I should stay, she thought, knowing that she wouldn’t leave Matteo.
And then Adriana saw her and the vulnerability hardened, sheathing her in armor. She cooed to the parrot, wiped her hands and raised her eyebrows as if to question why Elizabeth would be seeking her out.
“You’ve been out?”
“The marketing, some errands. I wanted to talk before Matteo gets home from school.”
“Oh, Lisa, you’re not going to bring up this idea again of going to America this summer!”
Antonio’s family had always called her by the Italian form of her name, Elisabetta. Adriana addressed her by the diminutive, Lisa. To diminish me, Elizabeth had thought. She had never had a nickname in her family—not Liz or Beth or Betsy.
“I’m sorry, Mama. It’s not an ‘idea.’ It’s already in motion. I bought the tickets today.”
“You would do this, knowing how much it hurts me!”
“Not to hurt you, Mama. But to help Matteo and me. Please understand. The pain is too fresh, the memories in this house too raw. Everywhere I turn I see Antonio’s face and am reminded that he is no longer here.”
“You want to run away from the memories and forget him! He’s not even cold in his grave!”
“No, Mama. Not to forget. Only to find a way to continue living without him.”
“You have no idea what it means to bury a child. You cannot fathom a mother’s loss.”

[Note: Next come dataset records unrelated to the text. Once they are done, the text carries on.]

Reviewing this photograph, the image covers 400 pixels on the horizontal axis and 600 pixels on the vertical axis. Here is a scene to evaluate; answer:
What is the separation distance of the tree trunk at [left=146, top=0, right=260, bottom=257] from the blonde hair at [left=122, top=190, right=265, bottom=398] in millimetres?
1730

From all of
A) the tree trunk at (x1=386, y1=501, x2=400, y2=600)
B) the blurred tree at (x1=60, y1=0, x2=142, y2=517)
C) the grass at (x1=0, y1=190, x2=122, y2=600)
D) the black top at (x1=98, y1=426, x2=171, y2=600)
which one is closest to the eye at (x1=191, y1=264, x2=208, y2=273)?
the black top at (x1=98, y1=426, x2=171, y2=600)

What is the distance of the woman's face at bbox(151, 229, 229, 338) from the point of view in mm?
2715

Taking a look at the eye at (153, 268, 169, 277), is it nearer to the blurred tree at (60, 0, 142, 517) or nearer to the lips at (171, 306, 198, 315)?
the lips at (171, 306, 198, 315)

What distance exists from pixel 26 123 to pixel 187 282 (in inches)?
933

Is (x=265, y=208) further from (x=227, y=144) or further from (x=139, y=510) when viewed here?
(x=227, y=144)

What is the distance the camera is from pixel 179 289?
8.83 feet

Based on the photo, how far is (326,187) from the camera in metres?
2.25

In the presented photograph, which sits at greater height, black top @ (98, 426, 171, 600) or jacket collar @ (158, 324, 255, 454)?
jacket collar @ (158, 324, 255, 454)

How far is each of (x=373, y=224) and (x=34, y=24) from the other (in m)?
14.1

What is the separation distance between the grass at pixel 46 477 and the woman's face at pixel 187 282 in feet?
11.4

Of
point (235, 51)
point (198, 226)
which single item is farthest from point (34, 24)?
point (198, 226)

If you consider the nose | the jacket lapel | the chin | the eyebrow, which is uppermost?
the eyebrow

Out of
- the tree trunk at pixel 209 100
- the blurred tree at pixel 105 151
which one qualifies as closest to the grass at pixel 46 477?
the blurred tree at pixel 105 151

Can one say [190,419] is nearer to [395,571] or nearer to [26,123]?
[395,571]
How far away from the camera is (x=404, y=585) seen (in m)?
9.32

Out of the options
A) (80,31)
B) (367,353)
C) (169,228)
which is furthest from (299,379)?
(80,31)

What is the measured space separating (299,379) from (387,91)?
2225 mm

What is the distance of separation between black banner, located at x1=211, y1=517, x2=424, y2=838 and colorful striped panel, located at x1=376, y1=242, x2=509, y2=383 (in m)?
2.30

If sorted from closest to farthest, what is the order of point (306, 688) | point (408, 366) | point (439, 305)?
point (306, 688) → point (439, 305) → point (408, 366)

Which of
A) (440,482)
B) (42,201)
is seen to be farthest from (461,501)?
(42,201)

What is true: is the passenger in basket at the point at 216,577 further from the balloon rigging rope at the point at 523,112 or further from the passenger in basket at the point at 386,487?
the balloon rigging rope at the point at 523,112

“I think I can imagine it. I am a mother. Matteo’s only a boy, a boy who has lost his father, who needs his mother more than anything right now.”
“Then stay here with him.”
Adriana’s face was taut with both anger and pleading. She was distraught, she was outraged. It was easier for Elizabeth to hold her ground against the anger, and she focused on the demand in her mother-in-law’s tone. Adriana didn’t want her pity, Elizabeth knew.
“No, Mama. If I am going to be strong enough for Matteo, I need to heal. We need to go.”
And she left the loggia, retreating to the thick-walled room with the arched ceiling and deep-set windows that had sheltered her and Antonio throughout their marriage. She ran her fingers along the top of the dark wooden paneling that lined the lower half of the stucco walls. It was trimmed with intricately carved stone pine trees, each one linked to the next by its widespread branches. On their wedding night, Antonio had whispered to her a fantastical tale of the powers of the tree, harboring dreams and wishes within its foliage like magical fruit. It was a story told to him by his grandmother when he’d been a boy unable to sleep.
“We sleep in a bower, protected by the circle of trees. Nothing can harm us within these walls.”
But the trees hadn’t protected Antonio and no longer offered her the solace of sleep. Her hand snagged on a sharp branch and a splinter dug deep into her ring finger, drawing blood.
She pulled it out and sucked away the beads of red, then curled up on the window seat and wept.